To learn more about each function, you can use ?function_name or help(function_name) in the R console.

Component Example Usage Description
ggplot ggplot(data, aes(x = var1, y = var2)) Initializes a ggplot object with data and mappings for aesthetics.
aes aes(x = var1, y = var2, color = var3) Specifies the aesthetic mappings (e.g., x and y axes, colors, sizes).
geom_point geom_point() Adds a scatter plot layer to the plot.
geom_line geom_line() Adds a line plot layer to the plot.
geom_bar geom_bar(stat = "identity") Adds a bar plot layer to the plot. The stat = "identity" argument tells ggplot to use actual values.
geom_histogram geom_histogram(binwidth = 1) Adds a histogram layer to the plot, with a specified bin width.
geom_boxplot geom_boxplot() Adds a boxplot layer to the plot.
geom_smooth geom_smooth(method = "lm") Adds a smoothed line (e.g., regression line) to the plot.
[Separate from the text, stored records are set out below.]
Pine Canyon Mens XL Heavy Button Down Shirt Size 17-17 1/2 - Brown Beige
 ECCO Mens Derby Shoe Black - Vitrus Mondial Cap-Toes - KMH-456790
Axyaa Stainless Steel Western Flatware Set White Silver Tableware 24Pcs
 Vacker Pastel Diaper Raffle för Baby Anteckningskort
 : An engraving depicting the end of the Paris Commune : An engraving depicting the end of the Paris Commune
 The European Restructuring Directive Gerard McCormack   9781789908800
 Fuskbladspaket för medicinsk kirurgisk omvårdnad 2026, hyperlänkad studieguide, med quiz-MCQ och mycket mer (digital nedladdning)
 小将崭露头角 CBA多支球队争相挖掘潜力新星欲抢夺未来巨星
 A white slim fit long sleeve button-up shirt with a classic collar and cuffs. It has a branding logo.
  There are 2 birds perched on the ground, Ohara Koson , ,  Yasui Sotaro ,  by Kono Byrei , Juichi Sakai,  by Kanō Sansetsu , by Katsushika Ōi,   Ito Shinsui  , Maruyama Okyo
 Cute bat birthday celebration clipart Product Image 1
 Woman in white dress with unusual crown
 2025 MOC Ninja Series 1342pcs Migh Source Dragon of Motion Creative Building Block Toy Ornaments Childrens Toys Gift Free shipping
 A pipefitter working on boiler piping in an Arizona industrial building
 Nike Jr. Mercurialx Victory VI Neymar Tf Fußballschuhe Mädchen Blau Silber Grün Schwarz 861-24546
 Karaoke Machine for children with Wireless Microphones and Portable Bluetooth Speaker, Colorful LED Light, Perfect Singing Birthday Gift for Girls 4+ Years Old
The method = "lm" argument fits a linear model.
geom_col geom_col() Adds a bar plot layer to the plot, similar to geom_bar() but without a default stat.
geom_density geom_density() Adds a density plot layer to the plot, showing the distribution of a continuous variable.
geom_jitter geom_jitter(width = 0.1, height = 0.1) Adds a jittered scatter plot layer, useful for avoiding overplotting by adding small random noise.
scale_x_continuous scale_x_continuous(limits = c(0, 100)) Adjusts the x-axis scale for continuous data, with specified limits.
scale_y_continuous scale_y_continuous(limits = c(0, 100)) Adjusts the y-axis scale for continuous data, with specified limits.
scale_fill_manual scale_fill_manual(values = c("red", "blue")) Manually sets the fill colors for a plot, typically used with discrete variables.
scale_color_manual scale_color_manual(values = c("red", "blue")) Manually sets the colors for lines, points, etc., typically used with discrete variables.
scale_x_date scale_x_date(date_labels = "%b %Y") Adjusts the x-axis scale for date data, with custom date labels.
scale_x_log10 scale_x_log10() Sets the x-axis scale to a logarithmic scale (base 10).
labs labs(title = "Title", x = "X-axis label", y = "Y-axis label") Adds or customizes titles and axis labels for the plot.
theme theme(axis.text.x = element_text(angle = 45)) Customizes the appearance of the plot, including text, axis labels, legends, and more.
theme_minimal theme_minimal() Applies a minimalistic theme to the plot, with fewer gridlines and a clean look.
theme_classic theme_classic() Applies a classic theme with a simple, clean appearance, similar to base R plots.
facet_wrap facet_wrap(~ variable) Creates a grid of plots, with each plot representing a subset of the data based on a variable.
facet_grid facet_grid(rows ~ cols) Creates a grid of plots, with rows and columns determined by two different variables.
coord_flip coord_flip() Flips the x and y axes, useful for horizontal bar plots.
coord_cartesian coord_cartesian(xlim = c(0, 100), ylim = c(0, 50)) Zooms in on a specific area of the plot by setting limits on the x and y axes.
coord_polar coord_polar(theta = "x") Converts a plot into polar coordinates, useful for creating pie charts or circular bar plots.
annotate annotate("text", x = 5, y = 10, label = "Note") Adds annotations such as text, shapes, or arrows to the plot.
ggsave ggsave("plot.png", plot = last_plot()) Saves the last plot created to a file, with options for file type, size, and resolution.

Conclusion

The Tidyverse provides a comprehensive set of functions for data manipulation, making it easier to work with data in R. This guide covers many of the core functions you’ll use in your data analysis tasks. Always refer to the documentation to explore additional arguments and use cases for each function.